Fraunhofer-Gesellschaft is looking for a Working Student in Computer Vision to join Fraunhofer SIT. You will implement and apply computer vision and machine learning approaches in security-relevant contexts, focusing on hands-on development, experimentation, and UI creation for research and industrial projects.
What You'll Do
- Implement and apply computer vision approaches, including: visual age estimation, object detection (e.g., YOLO, RT-DETRv2), image classification (e.g., Vision Transformers, CNNs, GNNs), image captioning, visual question answering, multimodal search using Vision-Language Models, image segmentation (e.g., SAM-3, DINO-3), and interactive/explainable classification systems (e.g., RISE, GradCAM).

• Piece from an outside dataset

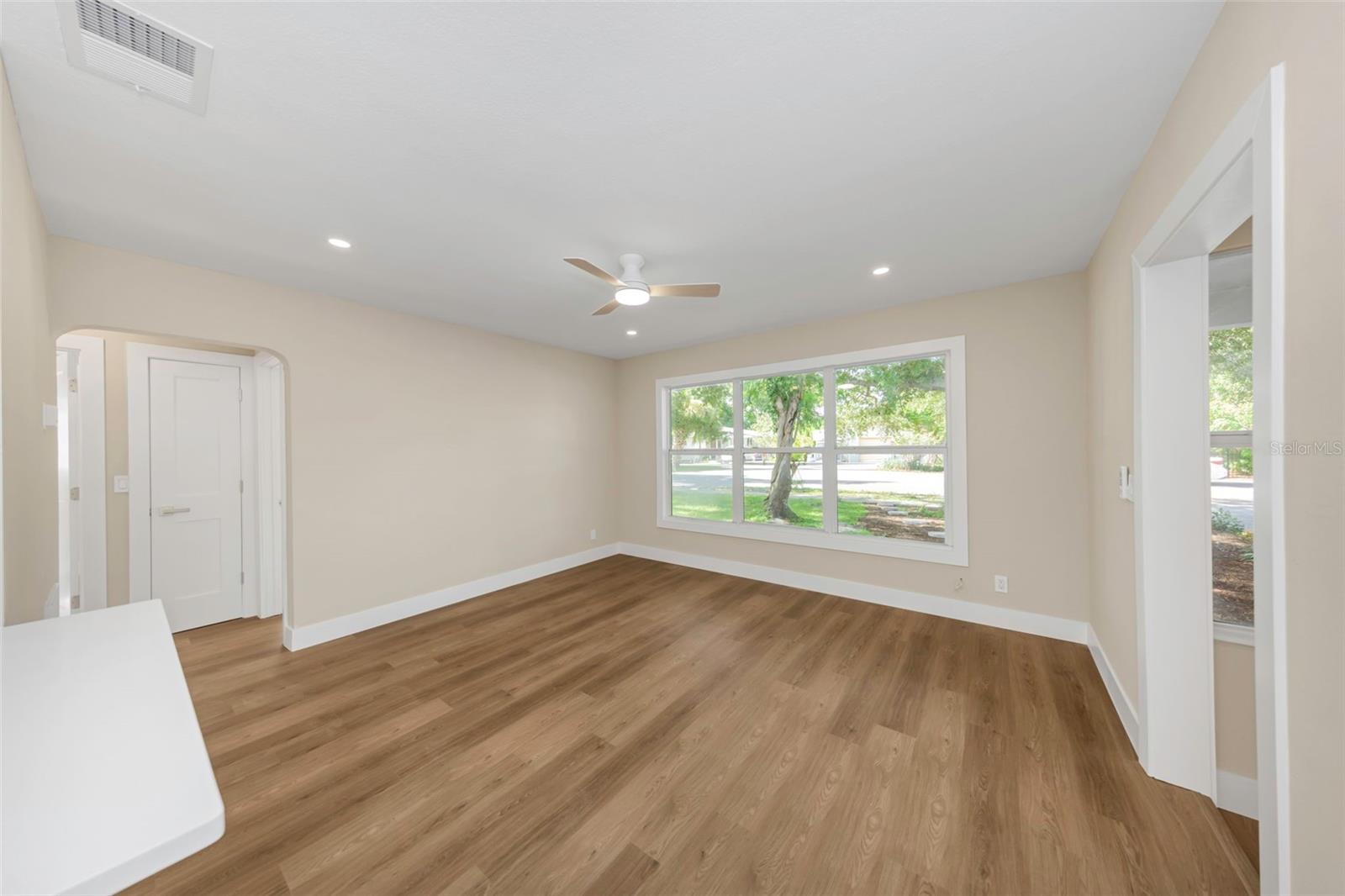 JUNGLE TERRACE SEC C - Residential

- Implement and conduct experiments in Machine Learning: clean, prepare, split, visualize data; potentially crawl and scrape data; implement common ML procedures (e.g., hyperparameter optimization, binary/multi-class/multi-label classification, ensemble methods).
- Evaluate and benchmark using standardized metrics in the context of ML (e.g., Accuracy, BAC, Brier, mAP, ROC, AUC) and functional tests.

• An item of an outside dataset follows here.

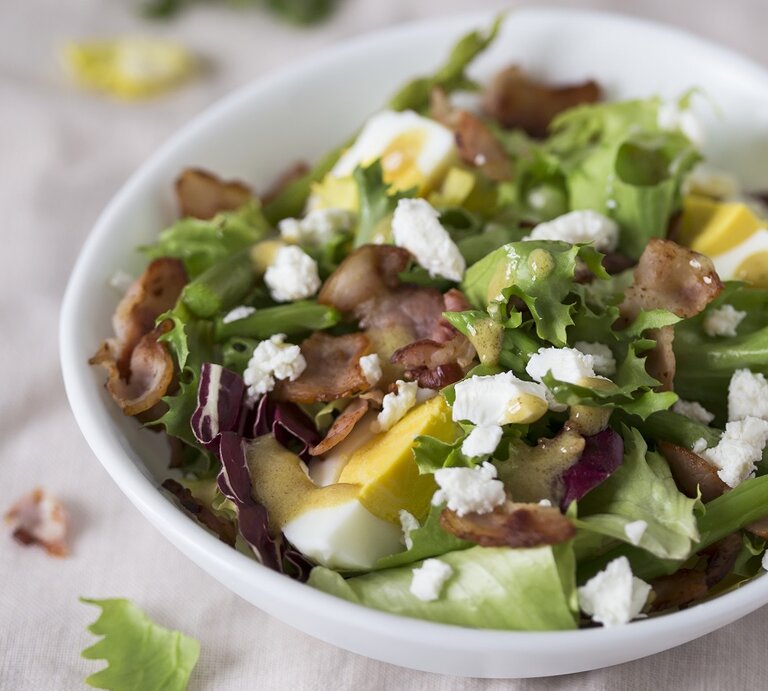 Spargelsalat mit Ei, Speck und Feta auf einem Teller. | © StockFood / Laniak, Malgorzata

- Develop UIs and WebApps using common frameworks (fastHTML, Streamlit, Gradio, Svelte, Flask/FastAPI).
- Collaborate on publicly funded and/or directly commissioned projects from industry partners.
What We're Looking For
- Enrolled in a degree program in Computer Science, Mathematics, or a related field with a focus on Machine Learning and ideally Computer Vision.
- Solid knowledge of ML: familiar with various neural network architectures (especially Vision Transformers and CNNs); familiar with basic ML terms and concepts (especially classification, hyperparameter optimization, fine-tuning, model evaluation).

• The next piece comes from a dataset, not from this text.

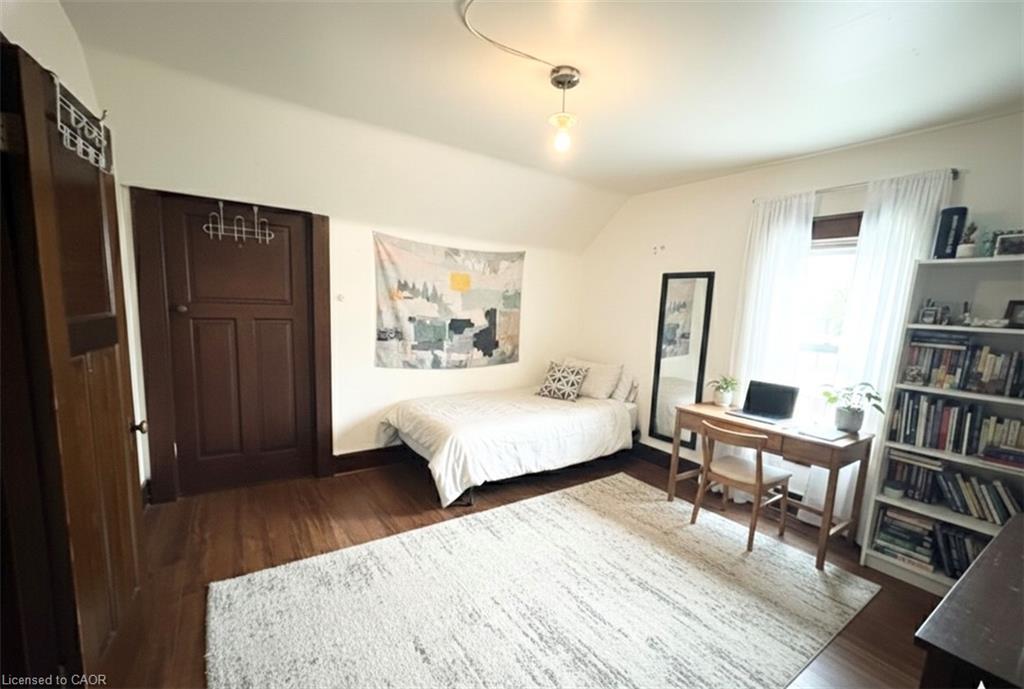 179 Regina Street N, Waterloo, ON - Indoor Photo Showing Bedroom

- Solid knowledge of Python is mandatory and will be tested in the interview.
- Willingness to take on new challenges.
- Strong analytical thinking.
Nice to Have
- Ability to independently implement methods and procedures from scientific publications.
- Knowledge and experience in the field of cybersecurity.
Technical Stack
- Languages: Python
- Vision Models: YOLO, RT-DETRv2, Vision Transformers (ViT, Swin, DeiT), CNNs (ResNet, EfficientNet), GNNs (GraphConv, GAT), Vision-Language Models, SAM-3, DINO-3
- Explainable AI: RISE, GradCAM, EigenCAM, Integrated Gradients, ViT Shapley
- UI/Frameworks: fastHTML, Streamlit, Gradio, Svelte, Flask, FastAPI
Benefits & Compensation
- Flexible working hours that can be easily reconciled with your studies.
- An inspiring work environment with state-of-the-art infrastructure.
- The opportunity to gain practical experience and build valuable contacts in research.
- Possibility for subsequent Bachelor's and Master's theses.
We value and promote the diversity of our employees' skills and therefore welcome all applications - regardless of age, gender, nationality, ethnic and social origin, religion, worldview, disability as well as sexual orientation and identity. Severely disabled persons will be given preferential consideration if equally qualified.